Big Data : Overview of Structure and Jobs
The demand for big data resources have increased dramatically in past few years. The requirements to create and get most out of "Big Data" environment is classified into 3 tiers- Base Layer - DevOps and Infrastructure
- Mid Layer - Understanding & manipulating data
- Front Layer - Analytics, data science
Software Suite/Tools
Base Layer - Summary
This layer forms the core infrastructure of "big data" platform and should be horizontally scalable.
- OS - Linux is the way forward for big data technologies. RedHat, SuSe, Ubuntu, CentOS
- Distributed Computing tools/software - Hadoop, Splunk
- Data Storage - Splunk, MongoDB, Apache Cassandra
- Configuration management - Ansible, Puppet, Chef
- Others - Networking knowledge, Version Control (Git)
Mid Layer - Summary
This layer forms the engineering role of the project with focus on data mining, normalisation etc.
- Regex (Regular Expression) Knowledge and machine learning
- Various Application system knowledge to understand data
- Data normalisation techniques, data enrichment, integration to external data stores
- Technologies - Java, Scala, Splunk Search language, python, NoSQL,JSON
- Tools - Apache Spark, Splunk, Mahout
- Web Development - jQuery, AngularJS, D3.js
Front Layer - Summary
This layer forms the end-user experience, business interaction experience
- Business Analysis - Requirement gathering, Data availability etc.
- Web Development - Analytics, Visualisation techniques, D3.js, mathematical modelling etc.
- Data Science - Data co-relation, regular expression, statistics and data modelling
- Tools - Apache Ambari, Splunk, D3.js, XML/JSON formats
Big Data Jobs
The key thing here is to concentrate on one the above layers/tiers.

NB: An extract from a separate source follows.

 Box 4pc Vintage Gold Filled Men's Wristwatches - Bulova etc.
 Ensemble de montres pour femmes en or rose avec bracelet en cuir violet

Depending on the flavour of your previous experience it would be quite easy to fit your profile into one of the above Tiers.Software Suite/Tools
- Apache Products (Hadoop suite, Spark, Ambari) are so varied and flexible. But return on Investment (ROI) is poor in initial years and takes time and effort to create a fully fledged system. The integration of Apache products need to be designed and upgrade plan should be well in place as products change quite often.
- Splunk on the other hand encompasses all into a single suite. Splunk is not a free product, but licensing is based on data volume you index. ROI is very quick and great and can build Proof of Concept systems (POCs) immediately.